KÂMİL: (Ar.) Er. 1. Bütün tam noksansız, eksiksiz. 2. Kemale ermiş olgun. 3.
Yaşını başını almış terbiyeli, görgülü. 4. Alim, bilgin, geniş bilgili. - (bkz.
Kemal).
KÂMİLE: (Ar.) Ka. - (bkz. Kamil).
KAMRAN:
(Fars.) Er. - İsteğine kavuşmuş olan.
KÂMURÂN: (Fars.). 1. Kâm sürücü, süren, arzusuna isteğine kavuşmuş mutlu. 2. Arzusuna
erişen, bahtiyar, mutlu. Erkek ve kadın adı olarak kullanılır.
KÂMVER:
(Fars.) Er. - İsteğine kavuşmuş, mutlu.
KANBER:
(Ar.) Er. 1. Hz. Ali'nin sadık, vefakâr kölesi. 2. Bir evin gediklisi.
KANDEMİR: (Tür.) Er. - Güçlü soydan gelen.
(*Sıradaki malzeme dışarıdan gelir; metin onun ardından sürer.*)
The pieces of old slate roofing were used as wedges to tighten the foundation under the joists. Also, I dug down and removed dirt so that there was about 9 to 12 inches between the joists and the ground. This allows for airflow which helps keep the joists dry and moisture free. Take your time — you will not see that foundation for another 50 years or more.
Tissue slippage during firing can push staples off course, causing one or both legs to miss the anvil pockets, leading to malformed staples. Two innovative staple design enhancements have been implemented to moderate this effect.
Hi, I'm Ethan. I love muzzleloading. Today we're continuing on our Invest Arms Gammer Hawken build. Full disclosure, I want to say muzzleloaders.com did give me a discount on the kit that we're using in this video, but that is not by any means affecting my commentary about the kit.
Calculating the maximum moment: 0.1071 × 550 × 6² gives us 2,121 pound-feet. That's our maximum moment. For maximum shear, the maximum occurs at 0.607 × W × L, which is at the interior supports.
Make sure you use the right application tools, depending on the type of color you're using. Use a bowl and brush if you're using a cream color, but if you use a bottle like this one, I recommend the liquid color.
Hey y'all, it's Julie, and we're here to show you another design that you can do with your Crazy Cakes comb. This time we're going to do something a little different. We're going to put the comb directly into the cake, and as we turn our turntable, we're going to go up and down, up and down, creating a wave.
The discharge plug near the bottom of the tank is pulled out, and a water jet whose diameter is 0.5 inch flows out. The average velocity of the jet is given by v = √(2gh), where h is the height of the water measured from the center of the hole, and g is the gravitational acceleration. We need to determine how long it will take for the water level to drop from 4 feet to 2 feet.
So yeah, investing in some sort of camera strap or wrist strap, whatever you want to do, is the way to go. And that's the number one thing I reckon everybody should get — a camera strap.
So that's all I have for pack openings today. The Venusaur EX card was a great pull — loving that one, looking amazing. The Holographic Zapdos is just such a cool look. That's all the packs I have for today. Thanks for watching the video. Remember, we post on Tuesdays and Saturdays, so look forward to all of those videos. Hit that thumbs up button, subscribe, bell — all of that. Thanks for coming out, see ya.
KANİ': (Ar.) Er. 1. Kanaat eden, yeter, bulup fazlasını istemeyen. 2. İnanmış
kanmış.
KANİYE: (Ar.) Ka. - (bkz. Kani).
KANSU:
(Tür.) Ka. 1. Çin'in kuzey batısında önemli bir sınır kenti. 2. Çin'de
müslümanların en çok bulunduğu eyalet.
KANTARA:
(Ar.). 1. Köprü, özellikle taştan yapılmış. 2. Su yolu, bend, hisar anlamına da
gelir. - Erkek ve kadın adı olarak kullanılır.
KANUN:
(Ar.) Er. 1. Devletin teşri, yasama kuvveti tarafından herkesçe uyulmak üzere
konulan her türlü nizam, kaide kural. 2. Herhangi bir mevzu üzerindeki kanunu
taşıyan kitap.
KANUNİ: (Ar.) Er. 1. Kanuna ait kararla ilgili. 2. Osmanlıların 10. padişahı Sultan
4. Süleyman'ın lakabı, Osmanlıların yükselme devrinin son padişahı. - Daha çok
lakab olarak kullanılır.
KANVER:
(Tür.) Er. - Kanını ver, asil.
KAPAR:
(Tür.) Er. - Akıl, ruh.
KAPKIN:
(Tür.) Er. - Uygun, düzenli.
KAPLAN: (Tür.) Vahşi kedigillerden, benekli,
yırtıcı hayvan.
KAPLAN GİRAY: (Tür.) Er. -(1680-1738) yıllan arasında Kırım hanı oldu. 3 defa han
olmuştur.
KAPSAM:
(Tür.) - Şümul ihtiva, ihata, istiab, manalarına gelen uydurma bir kelime. Erkek
ve kadın adı olarak kullanılır.
KAPTAN:
(İtal). 1. Bir geminin sevk ve idare sorumlusu. 2. Şehirlerarası otobüs şoförü.
3. Baş pilot.
KARAALP: (Tür.) Er. - Esmer, kara yağız yiğit.
KARABEY: (Tür.) Er. - (bkz. Karacabey).
KARABUĞRA: (Tür.) Er. - Esmer, erkek deve.
KARACA:
(Tür.) Er. 1. Rengi karaya çalan, esmer, yağız. 2. Geyikgillerden, küçük,
boynuzlu, güzel görünüşlü av hayvanı. 3. Üst kol.
KARACABEY: (Tür.) Er. - Esmer bey, rengi karaya çalan.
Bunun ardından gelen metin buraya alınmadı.